Es indudable que durante el reciente estallido social actuaron “atractores extraños”, que incidieron en la evolución del movimiento. Dichos atractores han surgido en Colombia en el seno de las mafias de todos los pelambres. Mafias del narcotráfico y mafias vinculadas a la gran propiedad terrateniente (algunas “legales” y otras “ilegales”). Los grandes terratenientes devenidos en capitalistas agroindustriales que no han superado la mentalidad colonial-esclavista son uno de esos “atractores”, y los principales financiadores del proyecto político extremista y criminal vigente.
Ellos se han encontrado con las mafias de narcotraficantes que -a su vez- han construido a lo largo de cuatro décadas una identidad narco-violenta, vinculada a la tierra, a la especulación financiera y a la cultura del despojo brutal. Todas son fuerzas reaccionarias, patriarcales, clericales, racistas y pro capitalistas salvajes . Se identifican con los neoconservadores de EE.UU. u otros países como España, Brasil, México, Perú, Chile y Venezuela y se conciertan para impedir las transformaciones estructurales que requieren nuestros pueblos. Son fuerzas atadas al pasado de inestabilidad, guerra fratricida, entrega de nuestra soberanía a imperios extranjeros y clericalismo religioso a todo nivel.
Un cambio en las relaciones de producción en el campo
La oligarquía colombiana, heredera de las peores tradiciones coloniales de Europa (España), que se entroncó desde principios del siglo XX con el imperio estadounidense, siempre ha sabido jugar la carta de la división de los sectores populares para seguir dominando.
Esa oligarquía construyó durante el siglo XX una base social de campesinos medios y ricos (principalmente cafeteros) mediante una estrategia corporativa, que tuvo como eje central el Eje Cafetero y Antioquia. La iglesia católica siempre estuvo presente ese “pacto social” entre empresarios exportadores y medianos productores. Ese acuerdo les permitió garantizarle a los productores la compra subsidiada del grano y que se sintieran como un sector privilegiado. La oligarquía siempre los concibió como aliados frente a la amenaza de los campesinos sin tierra.

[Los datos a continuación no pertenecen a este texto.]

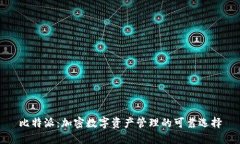 比特派：加密数字资产管理的可靠选择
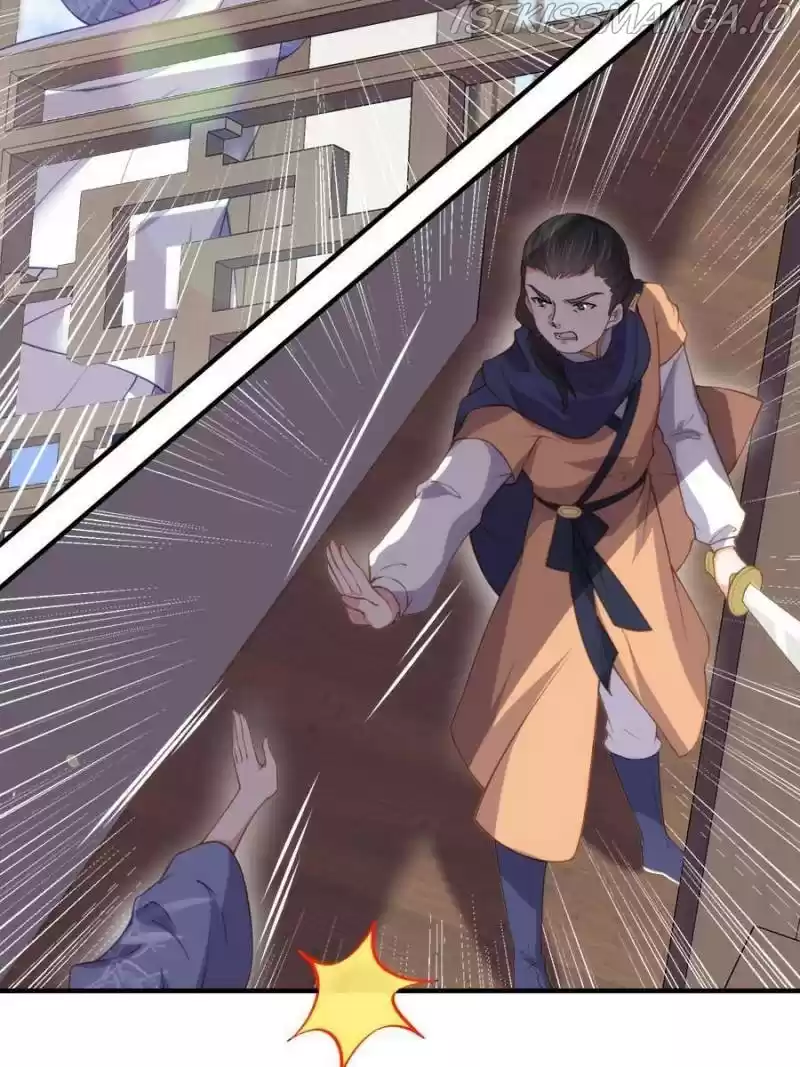 The Eunuch's Consort Rules The World Chapter 143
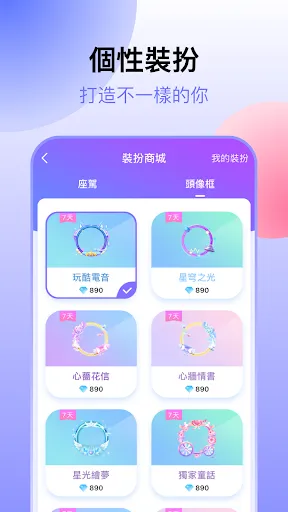 心動訊號 | Permainan | XWorld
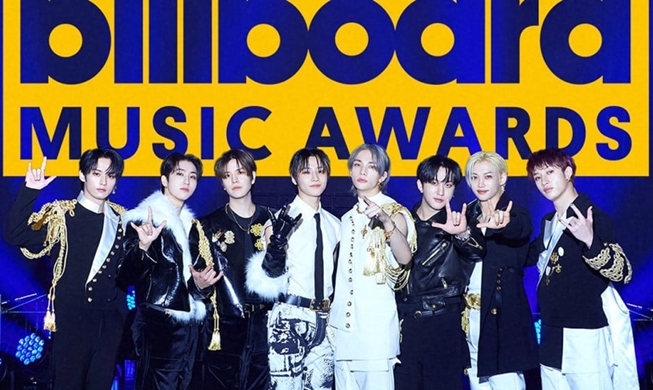 Quatre groupes de K-pop récompensés aux Billboard Music Awards 2023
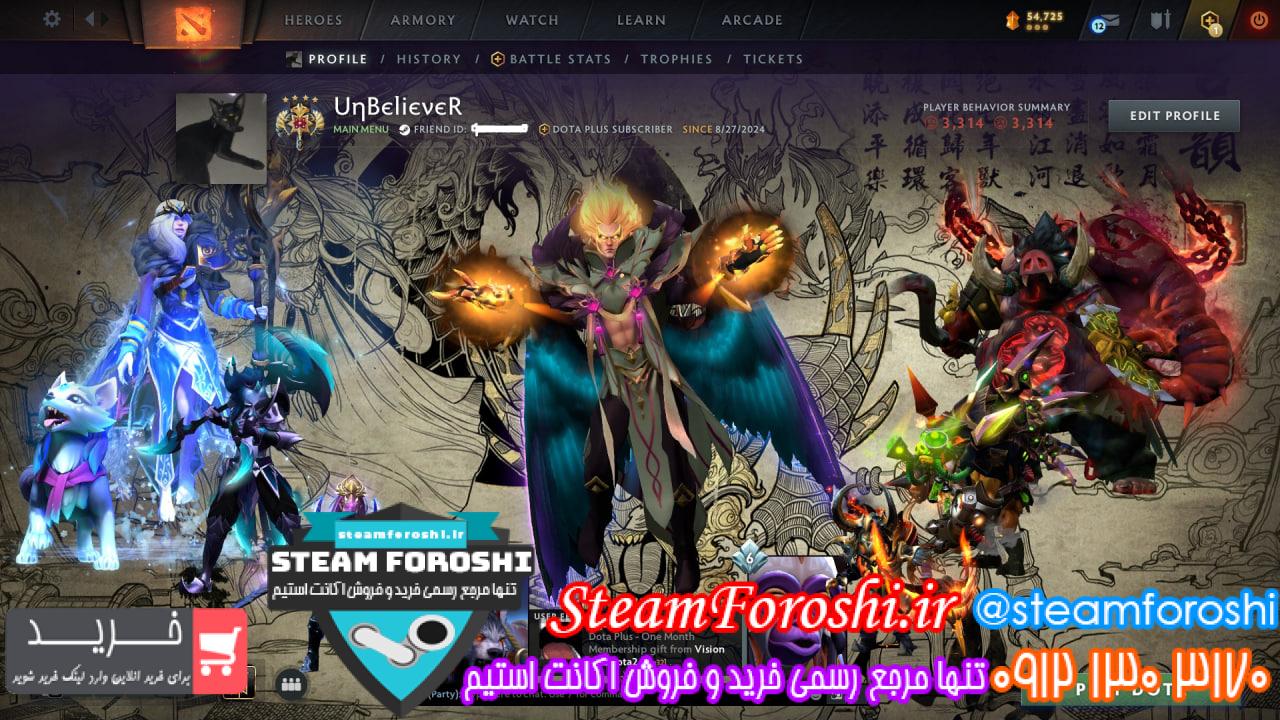 خرید اکانت دوتا 2 کد 14266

A finales de la década de los años 80s, con la caída del Acuerdo Internacional del Café, ese control corporativo empezó a tambalear. Aunque los antiguos caficultores se movilizaron y presionaron al gobierno y a los grandes exportadores de café por mejores subsidios y otras reclamaciones, su visión y práctica estrechamente reivindicativa, no cuestionaba el poder corporativo y oligárquico. Y en paralelo, la burda estrategia de las Farc centrada en acosar a los campesinos medios y ricos, sirvió de cobertura para que la oligarquía colombiana mantuviera su control paternalista.
Lo que cambió esa situación fue un fenómeno que la oligarquía no podía impedir. La caficultura colombiana, por efecto de la crisis de precios internacionales empezó a trasladarse de región. Del Eje Cafetero pasó a departamentos como Huila, Cauca, Nariño, Tolima, etc. en donde los pequeños y medianos productores (campesinos pobres) podían subsidiar los costos de producción con prácticas no ortodoxas y economía familiar, que los cafeteros paisas no podían emular.

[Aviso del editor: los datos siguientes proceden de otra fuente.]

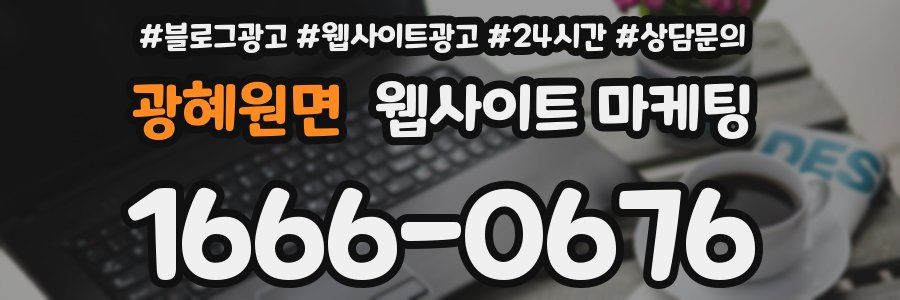 광혜원면 웹사이트 마케팅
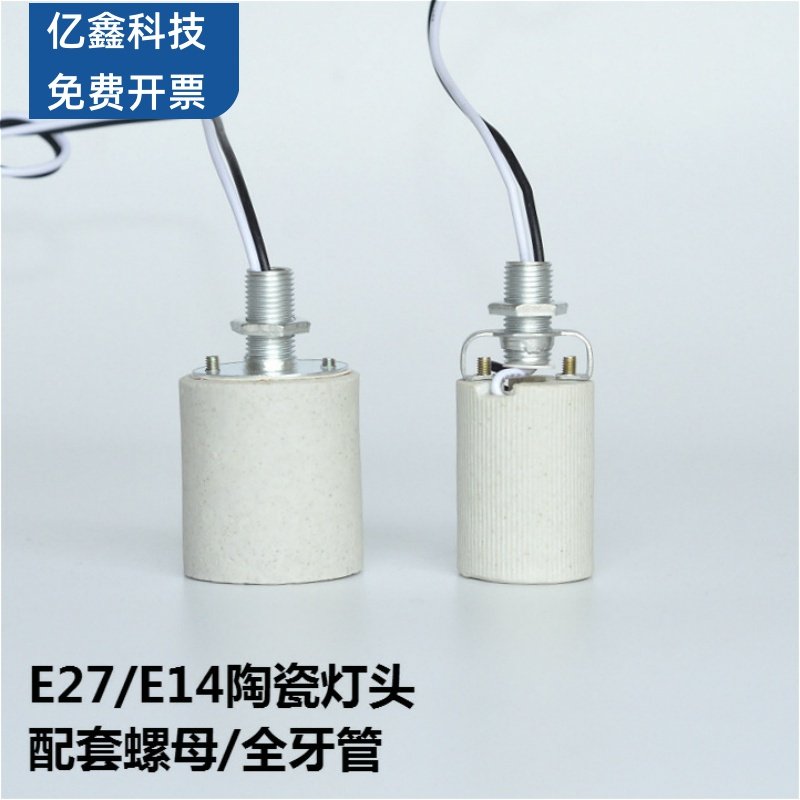 直营 E14E27螺口陶瓷灯头耐高温台灯吊灯壁灯灯具灯饰配件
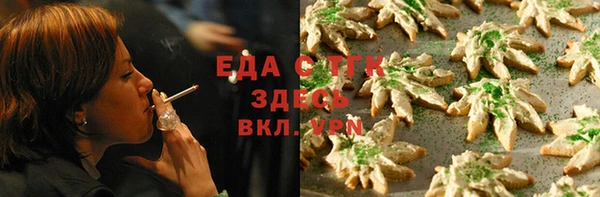 mdma Верхний Тагил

De esa forma también se ensanchó a lo largo de los últimos 40 años una economía de pequeños y medianos productores más allá del café. Al lado de ellos han surgido decenas de miles de paneleros, pequeños ganaderos de doble propósito (leche y carne), arroceros, paperos, yuqueros, plataneros, cebolleros, fruticultores, cacaoteros, piscicultores, etc., que se han ido liberando del control corporativo de la oligarquía terrateniente y que, aunque se relacionan con la oligarquía financiera, no la ven como aliada. Es en gran medida su verdadero explotador y enemigo.
En la actualidad, esos pequeños y medianos productores están pidiendo pista para pasar a una economía que les permita industrializar sus materias primas y exportarlas directamente hacia los países industrializados, pasando por encima de las empresas transnacionales y otros intermediarios. Para hacerlo necesitan resolver tres temas centrales: a) democratizar la propiedad de la tierra; b) democratizar y abaratar el crédito productivo; y c) asociarse colaborativamente y aliarse con los profesionales precariados para tecnificar y mejorar su aparato productivo.
Ellos saben que la oligarquía terrateniente y financiera no puede enfrentarse o traicionar a los grandes emporios capitalistas de carácter corporativo que controlan el territorio y el mercado. Por ello, paulatina y pacientemente se han ido liberando de ese dominio y buscan alternativas políticas que los apoyen pero sin que ello signifique la estatización de la economía o un rompimiento total con la economía capitalista global. No les interesan experiencias como las de Cuba o Venezuela porque saben que el bloqueo del imperio sería la alternativa insalvable.
El eterno dilema colombiano
Es en ese marco de transformaciones socioeconómicas es donde debe ubicarse la estrategia de la oligarquía terrateniente y financiera durante el estallido social. Ellos temen perder el control de amplios sectores sociales que hasta ahora han sido su soporte de dominación. Haber perdido alcaldías claves como las de Bogotá, Medellín, Cali o Santa Marta, y departamentos como Boyacá, Magdalena y otros, a manos de nuevos sectores políticos, es un verdadero problema para quienes han monopolizado por siempre el poder presidencial en Colombia. Quieren meter miedo.
Es por lo anterior que las fuerzas políticas que empujan los cambios en nuestro país deben hacer el máximo esfuerzo por sintonizarse con esos sectores sociales, con sus anhelos y esperanzas, sin dejarse llevar a posiciones y -sobre todo- a formas de actuar que puedan ser manipuladas por quienes aprovechan los más mínimos errores para acusar de “comunistas” y “extremo-izquierdistas” a quienes vienen demostrando que aspiran a fortalecer la democracia y avanzar dentro del marco de la institucionalidad existente.
Mostrarse como los “campeones de la protesta” por encima de intereses reales y concretos de sectores productivos, como son los pequeños productores del campo y los profesionales precariados de las ciudades, es hacerse un harakiri. Es un verdadero suicidio. Es indudable que el estallido social colocó un punto alto en cuanto a propuestas de carácter social que han sido lideradas por Gustavo Petro, pero de allí a sentirse como un seguro triunfador hay mucho trecho.
El informe presentado por la Comisión Interamericana de Derechos Humanos CIDH colocó un punto de referencia importante frente a los retos que tienen las fuerzas políticas para canalizar los resultados y efectos del estallido social. Recién entramos en esa cuarta fase y hay que poner “cable a tierra” para no errar. Los sueños insurreccionales deben dejarse definitivamente en el pasado y se deben asumir las principales tareas que quedaron planteadas por el movimiento real:
– Organizar y articular las fuerzas democráticas a fin de desalojar del aparato de gobierno a las fuerzas recalcitrantes de la oligarquía terrateniente y financiera; y,
– Desarrollar nuevas formas de organización popular “desde abajo” para no depender exclusivamente de la acción de los políticos profesionales y del Estado “heredado”.
Son tareas posibles y urgentes que no se contraponen a miradas y acciones de largo plazo. Todo a su tiempo.